Sentenza n. 75 del 1979
 CONSULTA ONLINE 

SENTENZA N. 75

ANNO 1979

 

REPUBBLICA ITALIANA

IN NOME DEL POPOLO ITALIANO

LA CORTE COSTITUZIONALE

composta dai signori giudici:

Prof. Leonetto AMADEI, Presidente

Prof. Edoardo VOLTERRA

Prof. Guido ASTUTI

Dott. Michele ROSSANO

Prof. Leopoldo ELIA

Prof. Guglielmo ROEHRSSEN

Avv. Oronzo REALE

Dott. Brunetto BUCCIARELLI DUCCI

Avv. Alberto MALAGUGINI

Prof. Livio PALADIN

Dott. Arnaldo MACCARONE

Prof. Antonio LA PERGOLA

Prof. Virgilio ANDRIOLI,

ha pronunciato la seguente

SENTENZA

nel giudizio di legittimità costituzionale dell'art. 20 del d.l. 3 febbraio 1970, n. 7, in relaz. agli artt. 8 e 9 legge 3 maggio 1967, n. 317 promosso con ordinanza emessa il 17 dicembre 1973 dal pretore di Petilia Policastro, nel procedimento civile vertente tra Talarico Simone e l'Ispettorato provinciale del lavoro di Catanzaro, iscritta al n. 495 del registro ordinanze 1975 e pubblicata nella Gazzetta Ufficiale della Repubblica n. 332 del 17 dicembre 1975.

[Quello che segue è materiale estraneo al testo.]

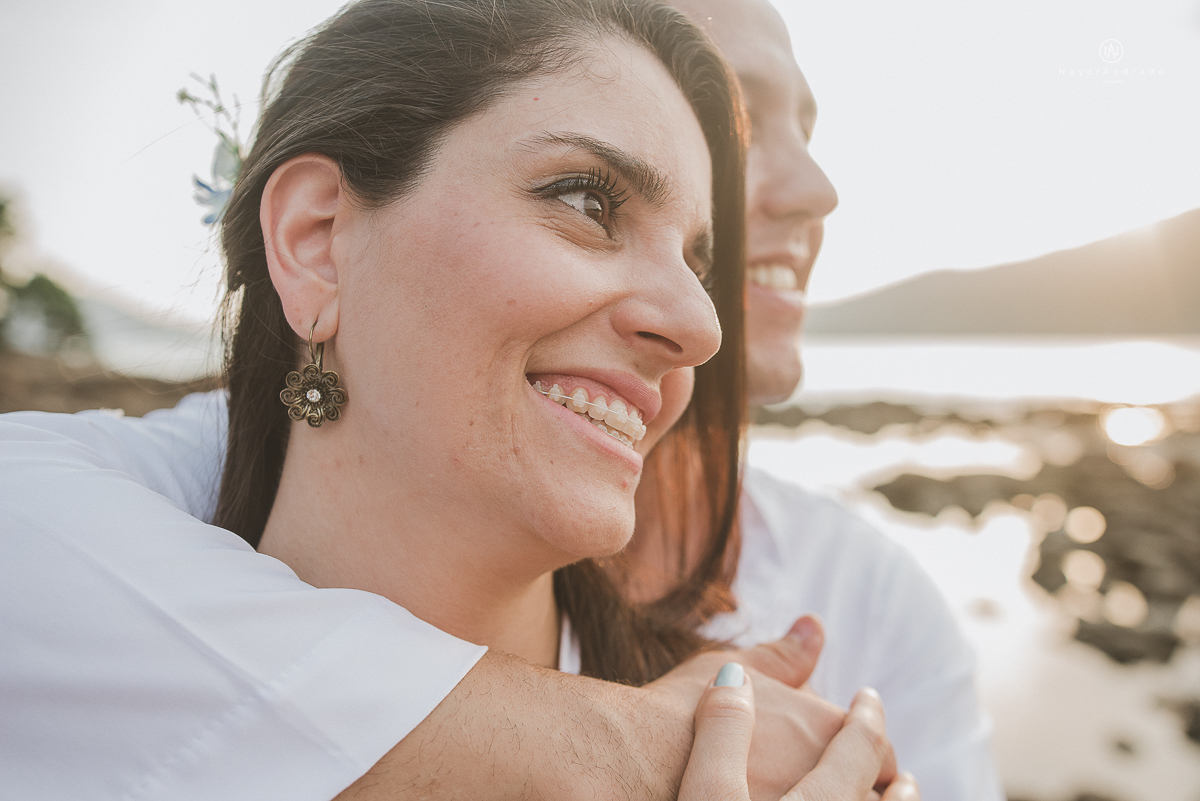 ensaio na praia do guaruja com por do sol lindo barraca barco ceu azul casal apaixonado ensaio incrivel feito pela fotografa nayara andrade menina nay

Visto l'atto di intervento del Presidente del Consiglio dei ministri nonché l'atto di costituzione del Ministero del lavoro;

udito nell'udienza pubblica del 3 maggio 1979 il Giudice relatore Alberto Malagugini;

udito il vice avvocato generale dello Stato Giovanni Albisinni per il Presidente del Consiglio dei ministri e per il Ministero del lavoro.

Ritenuto in fatto

Nel corso di un procedimento di opposizione ad ordinanza 5 aprile 1973 dell'Ispettorato provinciale del lavoro di Catanzaro, concernente il pagamento di una sanzione pecuniaria amministrativa a sensi del d.l. 3 febbraio 1970, n. 7 (convertito con legge 11 marzo 1970, n. 83), il pretore di Petilia Policastro con ordinanza 17 dicembre 1973, accogliendo un'istanza dell'opponente Talarico Simone, ha sollevato questione di legittimità costituzionale del citato art. 20 del d.l. n. 7/1970, per ritenuto contrasto con gli artt. 102, 113 e 24, secondo comma, della Costituzione.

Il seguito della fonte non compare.